We are using IEM for a while and I have some thought about fx (reverb) into the inear for the vocals.
Situation:
We have 3 vocals.
When you have your iem mix as a singer you have the other vocals at a lower volume in your ears.
We have routed all the vocals to one FX as reverb for vocal only voor IEM. So it is not that DRY
As my understanding, you only have in SQ4U the FXreturn as control.
So when you lower a other vocal for your IEM the reverb stay’s the same, but if you lower the FX return you lower the complete F, not one person.
My question is:
Is there a way when changing the volume of a other vocal in your IEM mix that the fx send of that vocal channel into the effect stays in proportion to its volume? So you will not end up with only the reverb of that vocal in you IEM mix?

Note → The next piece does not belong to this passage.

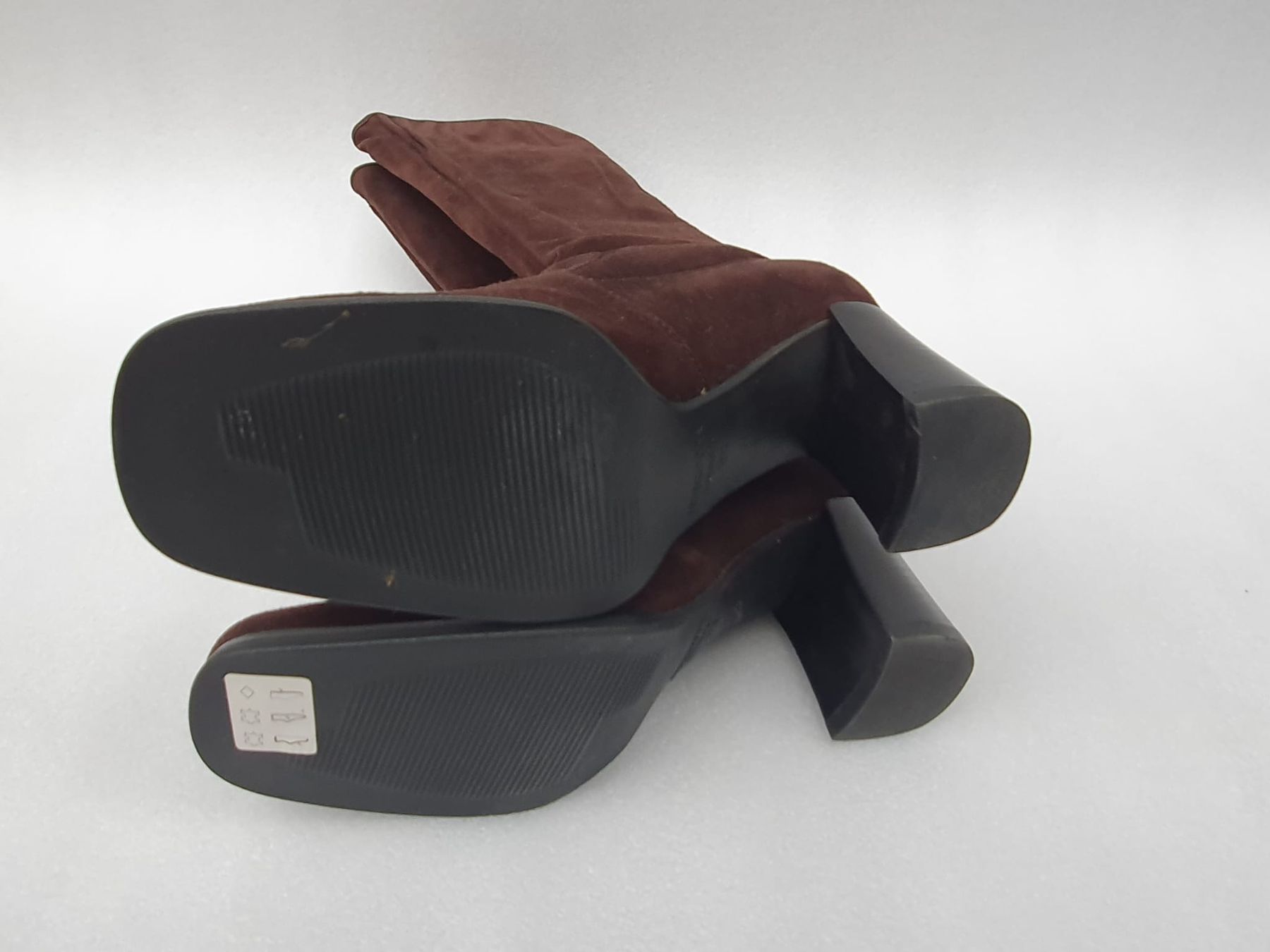 Sergio Rossi Scarpe da donna: Sergio Rossi Brown High Boots, Size 35 1/2 – Usato da Horw venduto da aquarellmmm2024 4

If I understand your question correctly:
It’s obviously not possible to get three different FX mixes (for your three IEMs) with a single FX engine.
No matter how you adjust the vocalists’ three FX sends, there’s only one mix to one FX return.
Generally a vocal FX group like you are describing is set up with “post fader” sends. This way when the person changes the fader of a vocal channel in the FOH mix, it also changes the relative volume in the FX group as well. However when set up like this, this post fader setup follows the FOH faders. It does not follow the individual vocal channel levels in the individual aux buss mixes.
If you ‘really’ want vocal reverb in the IEMs, and you want the vocalist to be able to adjust the vocal reverb mix as well as their dry mix, you will have to assign one FX unit to each vocalist IEM.
Do they really want this? If you can get rid of the requirement, the requirement goes away…
Just wondering whether there is a half-way-house by taking the output from one FX unit (used for vocal reverb) and feeding it back into an input channel (either analogue or - more preferable - digital).
The vocalist will not be able to adjust the relative mix of vocalists feeding the FX unit, but will have separate control of the overall FX reverb in their AUX/IEM.
I can make a special IEM reverb channel with all the vocals with the same level of reverb. They can use the return as control.
But there is a situation with the backing vocals that have to accept. The lead singer has for (extreme)example his own voice @ 100% and the backing @ 50%. So the lead singer has to accept the backing will have probably too much reverb. The same for the backing vocal, they should have to accept that the lead singer probably have too much reverb.
The fx send of this separate fx channel I will configure pre fader. So FOH does not have effect on it. A stable reverb but not always balanced. Just for a touch of reverb but not too much.
I would probably create two FX groups - one for the lead singer vocal FX (with only their vocal going to that group) and one for the backup singers FX effects (with all of the backup singers going into that group).
These would still be set up as “post fader” sends and set so that any changes to the individual FOH vocal faders would change the relative volume of the vocal FX in the mix. This would mean that FOH would have one more FX fader to worry about, but you could easily set up a Vocal FX DCA group that included both the lead singer FX group and the backup singer FX group if that would be easier to manage.
Now for the IEM, each musician would have two vocal FX faders available - one that would only affect the lead signers FX level in their IEM and one that would affect the FX level of all the backup singers in their IEM.
Overall I think that is a good compromise where the lead singer can dial in their FX volume independently of the backup vocalist’s FX volume.